Findet hingegen keine Befruchtung und Einnistung statt, verkümmert der Gelbkörper. Damit geht nun auch die Produktion von Progesteron zurück, was nicht folgenlos bleibt. Die Gebärmutterschleimhaut muss nun nicht mehr für eine Einnistung gerüstet sein und baut sich daher nach durchschnittlich 28 Tagen ab. Die Menstruationsblutung setzt ein und markiert den ersten Tag des neuen Zyklus.

Frauen mit Kinderwunsch sollten einen Arzt aufsuchen

Viele Frauen haben bereits Bekanntschaft mit Zyklusstörungen gemacht. Denn bereits einfache Infektionskrankheiten, ungewohnte psychische oder körperliche Belastungen oder auch Zeitumstellungen auf Reisen können die biologische Uhr und damit letztendlich auch den biologischen Rhythmus gehörig durcheinanderbringen.

Manchmal halten sich solche Störungen jedoch auch hartnäckig. Bei den betroffenen Frauen schwankt die Länge des Zyklus über mehrere Monate oder Jahre hinweg. Häufig treten Blutungen auf, die länger anhalten oder auch stärker oder schwächer sind, als es bei einem normalen Menstruationszyklus der Fall wäre.

Nicht immer müssen solche Abweichungen von der Norm sofort ein Grund zur Sorge sein. Besteht jedoch ein Kinderwunsch, kann es nötig sein, den Ursachen der Störung Herr zu werden. Denn ein normaler Zyklus erhöht die Wahrscheinlichkeit, schwanger zu werden. Andersherum kann eine Zyklusstörung die Ursache für den unerfüllten Kinderwunsch sein.

Zyklusstörungen können unterschiedliche Ursachen haben

Halten die Zyklusstörungen über einen längeren Zeitraum an, kommen unterschiedliche Ursachen infrage. So können etwa Erkrankungen wie Zysten oder Myome Einfluss auf den biologischen Rhythmus nehmen. Nicht selten lässt ein hormonelles Ungleichgewicht den Zyklus aus dem Ruder laufen. Manchmal sind es etwa die Eierstöcke, die zu wenig Hormone produzieren, während in anderen Fällen ein Überschuss männlicher Hormone oder eine Schilddrüsenunterfunktion vorliegt.

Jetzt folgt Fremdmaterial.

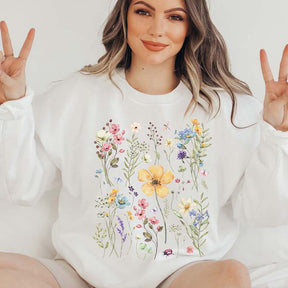 Wild Flowers Floral Fall Sweatshir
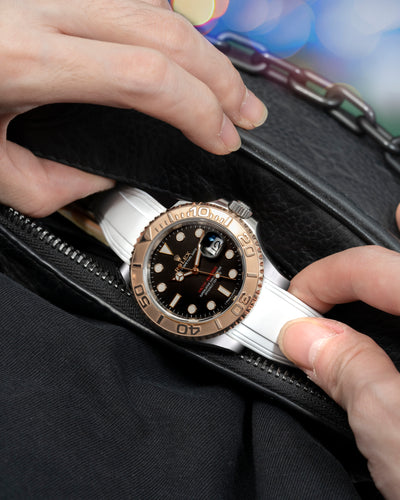Solitaire Rubber straps in Snowy White for Rolex Yacht-Master 126621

Viele Frauen wissen nicht, dass auch Arzneimittel oder Umweltgifte wie organische Lösungsmittel, Tabakrauch und der Giftstoff Dioxin den Zyklus beeinflussen können. Mögliche psychische Ursachen sind andauernde, ungelöste Konflikte in der Beziehung oder ein unerfüllter Kinderwunsch. Aber auch ungewohnte körperliche Anstrengung, sehr intensiver Sport oder ein rapider Gewichtsverlust kommen als Störfaktoren infrage.

Sicherheit bringt letztendlich nur die Untersuchung durch einen Frauenarzt. Er kann den tatsächlichen Ursachen auf die Schliche kommen und gegebenenfalls eine Behandlung mit Hormonpräparaten einleiten, um einem möglichen Kinderwunsch auf die Sprünge zu helfen.